Publié le 7 avril 2006

Après son Bac au Lycée Roland Garros, Sophie prend la direction de la métropole pour des hautes études en biologie. Elle poursuit jusqu’à la thèse et travaille pour de grands instituts de recherche dans plusieurs domaines : génétique animale, cancer du cerveau, maladies de la vigne. Elle est aujourd’hui mère de trois enfants et travaille à l’agroscope de Nyon en Suisse (l’équivalent de l’INRA en France), sur les mécanismes de résistance de différentes variétés de vignes au mildiou.

Sophie Godard
Sophie Nativel (de son nom de jeune fille) et sa petite famille au milieu d’un magnifique paysage suisse : cliquer sur la photo.
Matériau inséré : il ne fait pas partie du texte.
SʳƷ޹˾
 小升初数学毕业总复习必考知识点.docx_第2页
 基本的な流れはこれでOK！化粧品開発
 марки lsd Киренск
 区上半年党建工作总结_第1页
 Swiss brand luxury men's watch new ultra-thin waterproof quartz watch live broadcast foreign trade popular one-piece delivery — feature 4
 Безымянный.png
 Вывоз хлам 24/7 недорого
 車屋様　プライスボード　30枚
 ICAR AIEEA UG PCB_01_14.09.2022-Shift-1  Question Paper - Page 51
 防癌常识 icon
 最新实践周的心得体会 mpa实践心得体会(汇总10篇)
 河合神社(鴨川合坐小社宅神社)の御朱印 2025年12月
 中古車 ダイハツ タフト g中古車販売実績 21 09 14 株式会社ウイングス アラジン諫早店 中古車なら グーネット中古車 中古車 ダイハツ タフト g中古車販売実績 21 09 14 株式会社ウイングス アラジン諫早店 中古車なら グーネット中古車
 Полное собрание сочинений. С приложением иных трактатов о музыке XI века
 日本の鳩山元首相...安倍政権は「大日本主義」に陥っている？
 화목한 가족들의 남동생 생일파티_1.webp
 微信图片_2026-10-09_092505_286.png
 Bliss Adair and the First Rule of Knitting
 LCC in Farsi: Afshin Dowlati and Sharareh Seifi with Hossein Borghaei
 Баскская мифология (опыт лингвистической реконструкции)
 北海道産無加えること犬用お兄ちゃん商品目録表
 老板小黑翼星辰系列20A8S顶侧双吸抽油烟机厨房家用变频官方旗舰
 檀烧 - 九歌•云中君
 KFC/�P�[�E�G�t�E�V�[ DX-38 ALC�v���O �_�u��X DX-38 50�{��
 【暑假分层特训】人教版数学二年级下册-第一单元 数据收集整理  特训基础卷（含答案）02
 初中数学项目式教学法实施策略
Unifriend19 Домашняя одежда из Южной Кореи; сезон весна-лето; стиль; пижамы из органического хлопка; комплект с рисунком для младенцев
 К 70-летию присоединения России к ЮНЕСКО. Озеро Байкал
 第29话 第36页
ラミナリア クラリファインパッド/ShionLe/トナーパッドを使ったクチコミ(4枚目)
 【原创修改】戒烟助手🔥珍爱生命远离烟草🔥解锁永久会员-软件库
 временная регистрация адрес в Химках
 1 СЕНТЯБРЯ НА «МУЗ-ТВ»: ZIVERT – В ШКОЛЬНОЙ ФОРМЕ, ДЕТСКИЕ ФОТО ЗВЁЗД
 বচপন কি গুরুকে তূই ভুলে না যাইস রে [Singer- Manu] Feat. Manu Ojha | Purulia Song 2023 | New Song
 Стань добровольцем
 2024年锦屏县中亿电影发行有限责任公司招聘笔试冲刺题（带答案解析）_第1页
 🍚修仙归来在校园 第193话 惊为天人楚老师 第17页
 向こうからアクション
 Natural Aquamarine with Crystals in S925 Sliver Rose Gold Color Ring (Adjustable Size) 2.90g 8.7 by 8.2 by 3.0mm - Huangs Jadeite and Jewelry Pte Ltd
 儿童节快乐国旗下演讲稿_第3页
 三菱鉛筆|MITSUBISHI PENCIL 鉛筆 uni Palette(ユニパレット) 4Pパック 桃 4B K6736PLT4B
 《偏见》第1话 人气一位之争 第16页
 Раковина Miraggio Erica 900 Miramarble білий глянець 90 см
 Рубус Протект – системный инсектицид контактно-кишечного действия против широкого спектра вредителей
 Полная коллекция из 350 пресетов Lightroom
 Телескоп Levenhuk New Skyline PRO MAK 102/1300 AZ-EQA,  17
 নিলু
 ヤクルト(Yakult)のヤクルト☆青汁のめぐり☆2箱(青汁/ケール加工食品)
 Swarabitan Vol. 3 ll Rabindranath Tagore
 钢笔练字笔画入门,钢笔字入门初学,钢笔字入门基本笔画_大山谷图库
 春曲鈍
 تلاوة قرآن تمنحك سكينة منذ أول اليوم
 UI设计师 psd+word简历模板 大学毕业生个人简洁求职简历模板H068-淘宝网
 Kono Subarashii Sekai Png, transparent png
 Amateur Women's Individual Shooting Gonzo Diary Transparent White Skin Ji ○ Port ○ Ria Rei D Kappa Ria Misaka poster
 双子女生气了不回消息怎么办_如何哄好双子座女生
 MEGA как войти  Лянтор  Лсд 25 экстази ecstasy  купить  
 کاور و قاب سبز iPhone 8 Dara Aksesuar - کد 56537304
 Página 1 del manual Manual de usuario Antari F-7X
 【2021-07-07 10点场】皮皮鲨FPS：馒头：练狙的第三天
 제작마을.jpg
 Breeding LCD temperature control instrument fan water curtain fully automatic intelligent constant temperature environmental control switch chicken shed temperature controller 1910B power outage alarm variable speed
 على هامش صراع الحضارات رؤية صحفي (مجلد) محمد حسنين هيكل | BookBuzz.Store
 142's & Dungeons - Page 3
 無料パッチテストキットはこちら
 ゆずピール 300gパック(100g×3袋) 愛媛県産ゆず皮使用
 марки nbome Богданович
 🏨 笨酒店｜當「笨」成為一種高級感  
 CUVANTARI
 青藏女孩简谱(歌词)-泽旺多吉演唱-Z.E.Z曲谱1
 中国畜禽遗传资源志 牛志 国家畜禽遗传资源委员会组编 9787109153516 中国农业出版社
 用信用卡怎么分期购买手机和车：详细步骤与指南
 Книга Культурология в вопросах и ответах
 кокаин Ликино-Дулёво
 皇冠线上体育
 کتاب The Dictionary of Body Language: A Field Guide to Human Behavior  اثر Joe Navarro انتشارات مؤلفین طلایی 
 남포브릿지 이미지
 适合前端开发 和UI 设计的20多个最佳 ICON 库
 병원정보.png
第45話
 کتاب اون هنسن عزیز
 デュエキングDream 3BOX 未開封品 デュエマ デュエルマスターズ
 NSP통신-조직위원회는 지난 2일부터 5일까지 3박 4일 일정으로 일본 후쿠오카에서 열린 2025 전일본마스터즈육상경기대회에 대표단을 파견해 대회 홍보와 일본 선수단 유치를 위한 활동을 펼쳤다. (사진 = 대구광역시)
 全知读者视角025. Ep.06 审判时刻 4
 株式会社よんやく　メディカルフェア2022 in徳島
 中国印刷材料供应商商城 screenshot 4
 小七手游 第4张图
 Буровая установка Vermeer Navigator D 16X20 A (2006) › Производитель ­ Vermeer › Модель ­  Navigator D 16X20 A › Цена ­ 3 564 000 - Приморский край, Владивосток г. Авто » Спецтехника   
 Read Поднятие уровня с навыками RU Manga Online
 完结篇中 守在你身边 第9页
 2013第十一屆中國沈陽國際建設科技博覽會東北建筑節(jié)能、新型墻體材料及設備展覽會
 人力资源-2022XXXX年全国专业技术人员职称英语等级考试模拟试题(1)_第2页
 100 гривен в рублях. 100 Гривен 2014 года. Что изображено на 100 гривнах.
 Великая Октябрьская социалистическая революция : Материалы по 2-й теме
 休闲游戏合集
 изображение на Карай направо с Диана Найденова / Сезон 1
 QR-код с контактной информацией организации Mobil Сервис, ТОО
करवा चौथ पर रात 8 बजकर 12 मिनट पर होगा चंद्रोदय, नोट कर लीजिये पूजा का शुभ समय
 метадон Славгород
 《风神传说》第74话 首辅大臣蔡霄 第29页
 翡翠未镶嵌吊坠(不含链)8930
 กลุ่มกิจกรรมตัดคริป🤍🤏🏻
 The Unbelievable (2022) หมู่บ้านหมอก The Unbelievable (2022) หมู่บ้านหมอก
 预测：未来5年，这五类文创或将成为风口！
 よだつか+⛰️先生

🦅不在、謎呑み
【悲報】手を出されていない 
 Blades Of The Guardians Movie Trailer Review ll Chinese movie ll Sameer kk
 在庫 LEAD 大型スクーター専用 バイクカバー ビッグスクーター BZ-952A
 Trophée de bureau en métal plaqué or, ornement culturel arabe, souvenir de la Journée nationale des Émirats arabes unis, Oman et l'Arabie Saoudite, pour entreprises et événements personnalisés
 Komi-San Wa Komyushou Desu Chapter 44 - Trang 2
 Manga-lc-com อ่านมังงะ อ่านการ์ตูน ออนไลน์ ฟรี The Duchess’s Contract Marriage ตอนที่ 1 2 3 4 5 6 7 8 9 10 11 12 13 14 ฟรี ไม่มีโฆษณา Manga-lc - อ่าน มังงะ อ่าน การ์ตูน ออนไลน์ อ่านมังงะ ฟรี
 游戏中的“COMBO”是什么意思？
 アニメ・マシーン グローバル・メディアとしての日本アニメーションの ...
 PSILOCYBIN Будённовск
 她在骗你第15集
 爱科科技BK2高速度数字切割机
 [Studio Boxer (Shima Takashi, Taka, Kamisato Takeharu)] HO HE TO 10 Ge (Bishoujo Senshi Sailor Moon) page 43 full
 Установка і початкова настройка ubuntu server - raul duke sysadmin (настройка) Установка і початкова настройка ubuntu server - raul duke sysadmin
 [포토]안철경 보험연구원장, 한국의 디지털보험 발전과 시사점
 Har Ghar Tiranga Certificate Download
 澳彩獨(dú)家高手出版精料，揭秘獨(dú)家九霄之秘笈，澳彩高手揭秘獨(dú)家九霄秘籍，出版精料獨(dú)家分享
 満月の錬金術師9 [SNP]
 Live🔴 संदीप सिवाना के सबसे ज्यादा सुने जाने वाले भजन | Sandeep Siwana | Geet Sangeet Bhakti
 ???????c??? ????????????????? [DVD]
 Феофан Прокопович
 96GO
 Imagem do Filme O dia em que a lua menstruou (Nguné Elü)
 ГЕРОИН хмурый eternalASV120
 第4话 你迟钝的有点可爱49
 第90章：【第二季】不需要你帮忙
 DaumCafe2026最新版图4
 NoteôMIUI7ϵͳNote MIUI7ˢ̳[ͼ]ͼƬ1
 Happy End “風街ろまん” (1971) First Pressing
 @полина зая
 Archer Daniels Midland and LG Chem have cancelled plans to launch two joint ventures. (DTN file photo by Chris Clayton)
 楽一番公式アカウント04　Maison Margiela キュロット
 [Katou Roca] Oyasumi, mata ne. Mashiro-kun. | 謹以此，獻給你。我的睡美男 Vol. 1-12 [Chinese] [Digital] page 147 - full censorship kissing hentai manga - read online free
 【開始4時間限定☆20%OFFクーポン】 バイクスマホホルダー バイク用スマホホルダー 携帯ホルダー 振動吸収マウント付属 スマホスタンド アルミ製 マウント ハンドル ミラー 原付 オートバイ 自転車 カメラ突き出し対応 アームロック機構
Racontez-nous votre parcours.

"Je suis originaire de la Plaine des cafres, fille unique de petits fonctionnaires. J’ai quitté l’île après le Bac, un peu naturellement pour suivre des études. Je suis arrivé en métropole en 1989 pour deux ans de classes préparatoires bio au Lycée Sainte Geneviève à Versailles. J’étais interne, ce qui a sans doute facilité mon intégration. Puis j’ai été admise à l’ENSAR, l’école Nationale Supérieures d’Agronomie de Rennes. J’ai passé trois ans en Bretagne, ce qui m’a permis de découvrir cette région magnifique. En 1993, j’ai suivi en même temps que ma dernière année d’Agronomie, un DEA à l’université de Rennes. En 1994, j’ai obtenu mon diplôme, je me suis mariée et j’ai commencé ma thèse".

Et ensuite ?

"De 1994 à 1998, j’ai coutume de dire que j’ai fait une thèse et deux enfants. J’ai travaillé à l’INRA de Jouy en Josas sur un projet de cartographie du génome du cheval. J’ai beaucoup aimé cette période intense de stimulation intellectuelle et de travail, mais après avoir profité en couple de Paris, nous ne souhaitions pas nous établir en région parisienne avec des enfants. J’aurais souhaité rentrer à la Réunion à cette époque, mais après avoir prospecté à l’occasion de vacances, mon mari et moi n’avons pas trouvé de perspectives d’emplois, dans nos domaines respectifs".

Qu’avez-vous fait ?

"Mon mari étant franco-suisse, nous avons eu l’opportunité de venir nous installer près de la Suisse. En 1999, nous nous sommes installés près de Genève, mais coté français. J’ai fait un premier postdoc à l’hôpital de Lausanne, sur la classification de tumeurs du cerveau. J’y ai travaillé trois ans, jusqu’à la naissance de mon fils, fin 2002. Aujourd’hui, je travaille pour quatre ans sur un projet de recherche à l’agroscope de Changins, à Nyon en Suisse (un peu l’équivalent de l’INRA en France). Nous étudions les mécanismes de résistance de différentes variétés de vignes au mildiou".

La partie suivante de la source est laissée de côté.